如果要执行一百万个任务，则可以创建一个池，其中包含与CPU内核一样多的进程数，然后将百万个任务列表传递给pool.map，池将这些任务分发给工作进程 (通常与可用内核的数量相同），并以列表的形式收集返回值并将其传递给父进程。


***对map的理解：***

pool.map() will loop over the file and deliver lines to the worker function. 

Map blocks and returns the entire result when its done.

the pool.map() is going to read your entire file into memory all at once before dishing out work. 

In [6]:
#map()

"""
XXX.map(func, iterable, chunksize=None) 
#将iterable的每个元素作为参数，应用func函数，返回函数结果组成的list，阻塞版本。func(iterable[i])为子进程对应的活动。XXX为进程池实例。
#chunksize

map(func, iterable[, chunksize])

This method chops the iterable into a number of chunks which it submits to the process pool as separate tasks. 
The (approximate) size of these chunks can be specified by setting chunksize to a positive integer.

I presume a process picks up the next chunk from a queue when done with previous chunk.
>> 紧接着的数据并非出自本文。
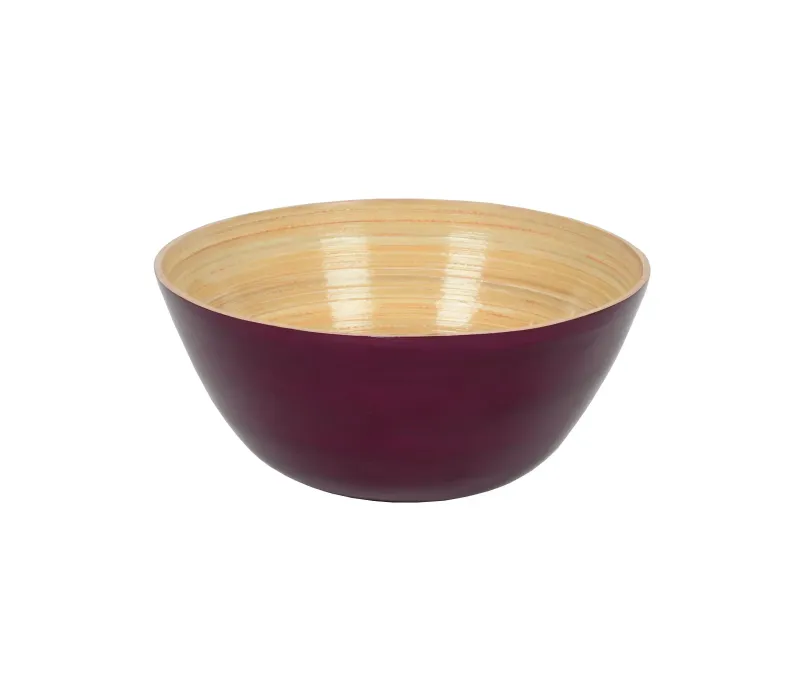 Bamboo Noodle Bowl - Blackberry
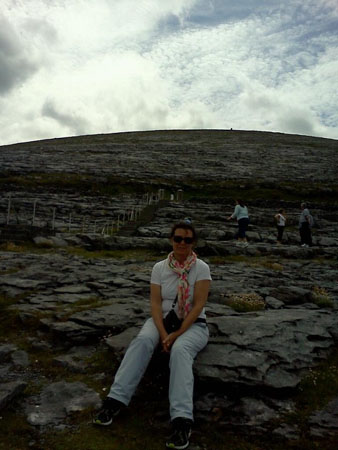 Hiking-The-Burren-outside-of-Galway-Ireland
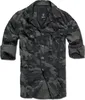 Brandit Slim Fit Langarm-Shirt Größe L Farbe Dunkles Produktbild-Vorschau 13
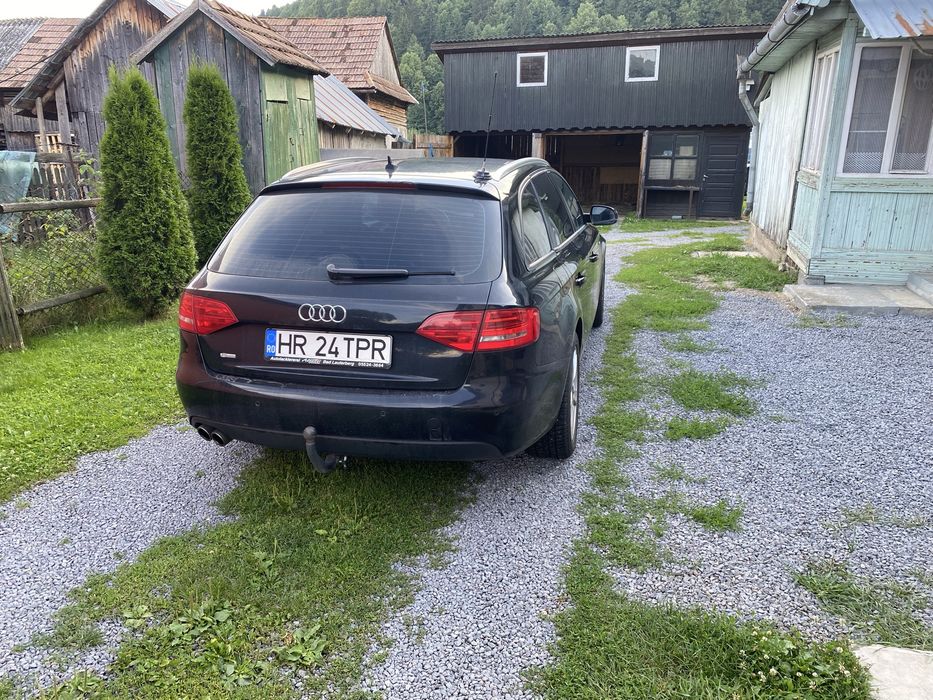 Audi a4b8 avant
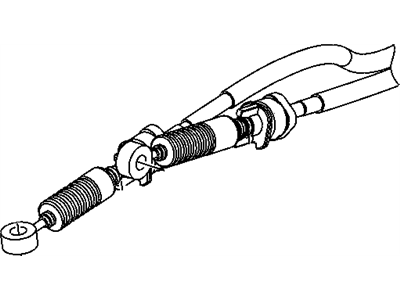 Mopar 5038027AB Cable-Gear Selector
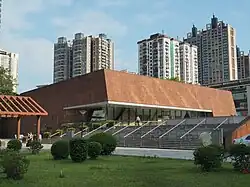 Exterior of the Nanyue Palace Garden Building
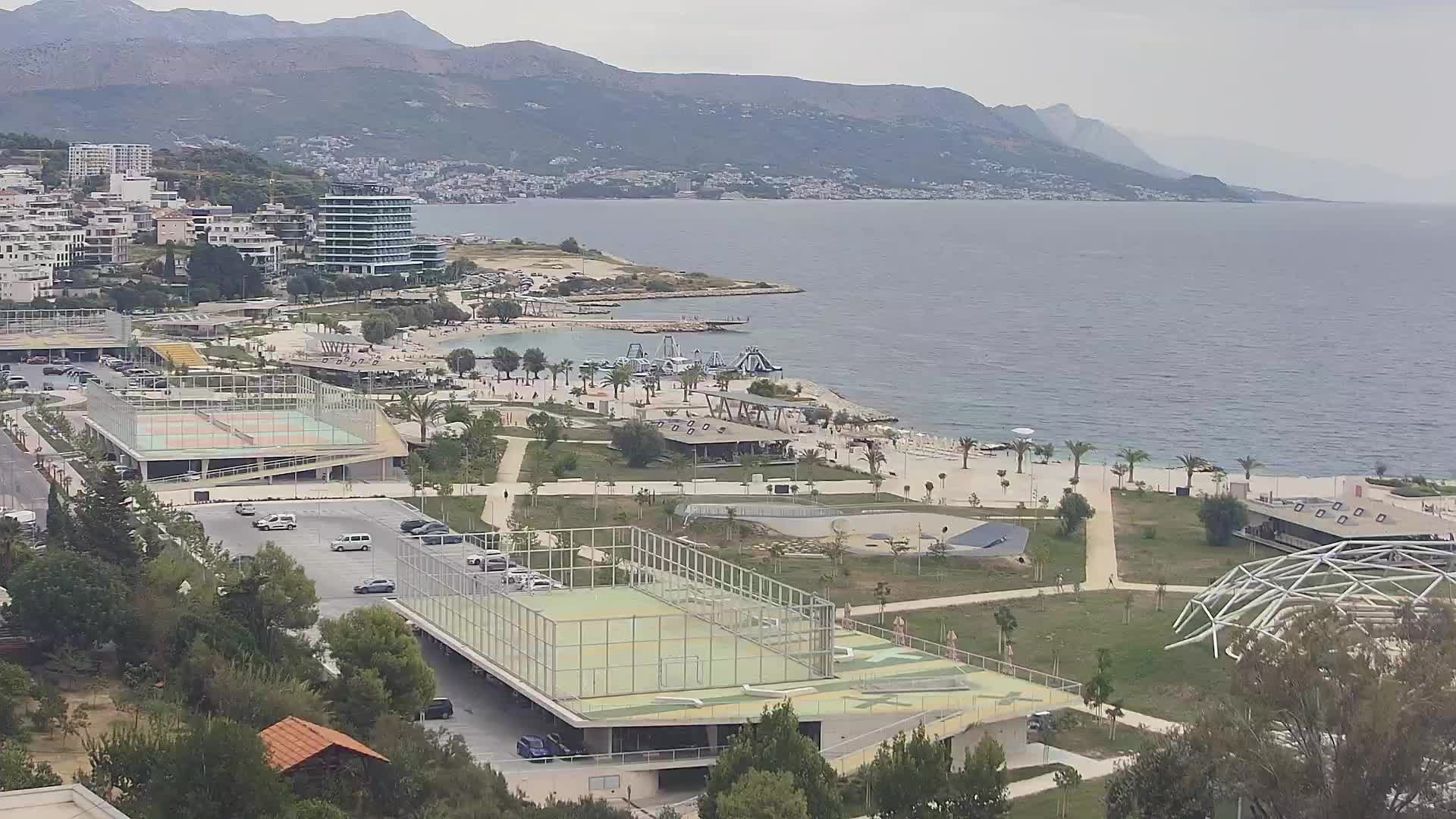 Plage Žnjan et installations sportives – Split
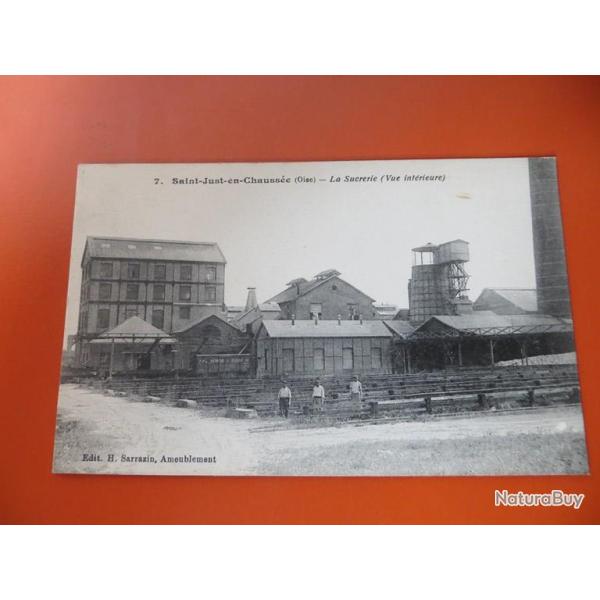 CPA 60 Saint-Just-en-Chauss�e - La Sucrerie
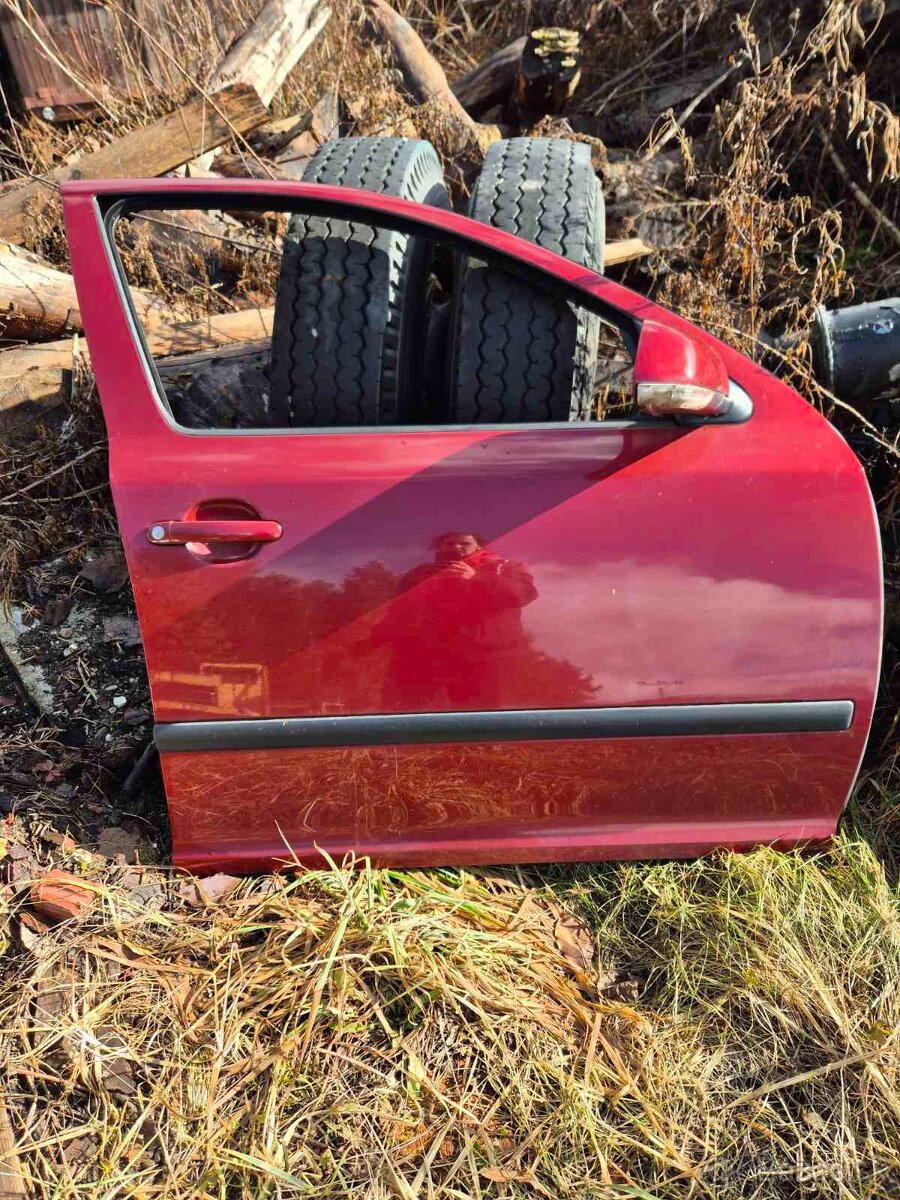 Dvere Škoda Octavia 2, facelift aj predfacelift - 2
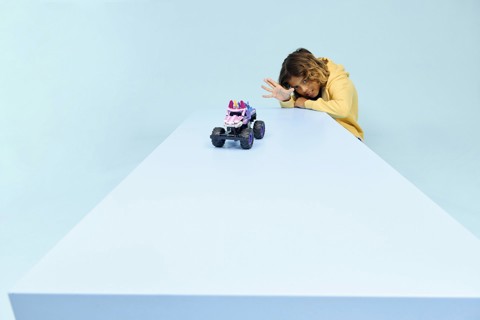 LEGO Technic 42220 Monster Jam Sparkle Smash a Retrocarica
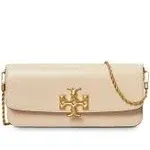 Tory Burch Eleanor Leather Clutch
The default chunksize depends on the length of iterable and is chosen 
so that the number of chunks is approximately four times the number of processes.

def f(a): #map方法只允许1个参数
    pass

pool = multiprocessing.Pool() 
result = pool.map_async(f, (a0, a1, ...)).get() #XXX.map()的异步（并行）版本，返回MapResult实例（其具有get()方法，获取结果组成的list）
pool.close()
pool.join()

"""

import time
from multiprocessing import Pool

def foo(x):
    time.sleep(1)
    return x*x

if __name__ == '__main__':
    l = [1,2,3,4,5,6,7,8,9,10]
    t1 = time.time()
    p = Pool(6)
    print(time.time()-t1)
    res = p.map(foo,l) # 这行代码表示所有的进行都已经执行完了，并且每个进程的结果都拿到，放在了res中 #l是foo()的参数
    print(time.time()-t1)   
    print(res,type(res)) #res 存储结果
    p.close()
    p.join()
    print(time.time()-t1)

0.07900619506835938
2.0829520225524902
[1, 4, 9, 16, 25, 36, 49, 64, 81, 100] <class 'list'>
2.1894869804382324


### 使用concurrent.futures 库内的ProcessPoolExecutor 来创建多进程

concurrent.futures為python集合thread和process的高階API，能夠讓使用者更容易的使用這進（線）程，而且能夠方便的得到函式的回傳值，先前的thread及multiprocessing要取得return值稍稍麻煩了一點。但使用concurrent的executor提供的map及submit方法能夠快速地取得個函式的回傳值。以下會提供map及submit的使用方式，兩者在thread及process的情況下階相同。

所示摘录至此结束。